WHAT THE EXERCISE ASKS: An exact copy of the data is needed, one that excludes all pictures.

RECORDED INFORMATION:
--------------------------------

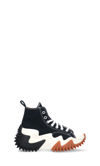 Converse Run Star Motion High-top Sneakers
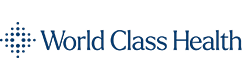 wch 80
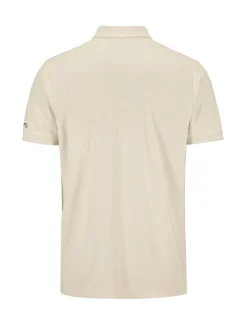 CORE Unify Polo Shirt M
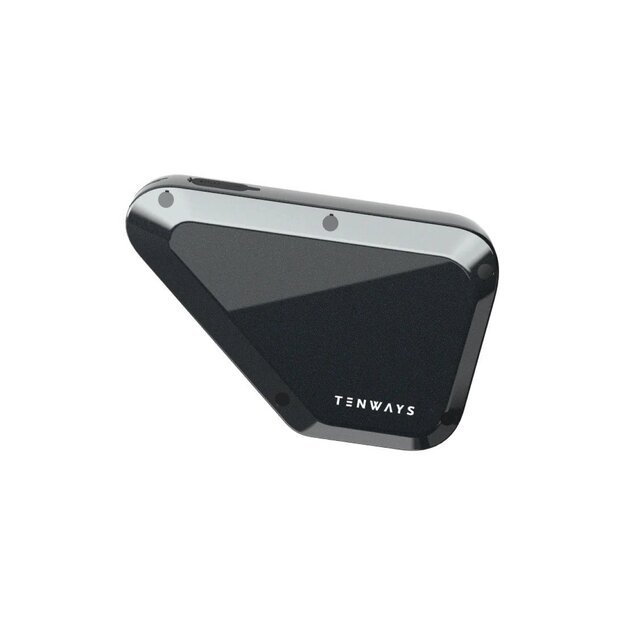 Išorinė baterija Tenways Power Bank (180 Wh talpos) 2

--------------------------------

EXERCISE ANSWER:
 Converse Run Star Motion High-top Sneakers
 wch 80
 CORE Unify Polo Shirt M
 Išorinė baterija Tenways Power Bank (180 Wh talpos) 2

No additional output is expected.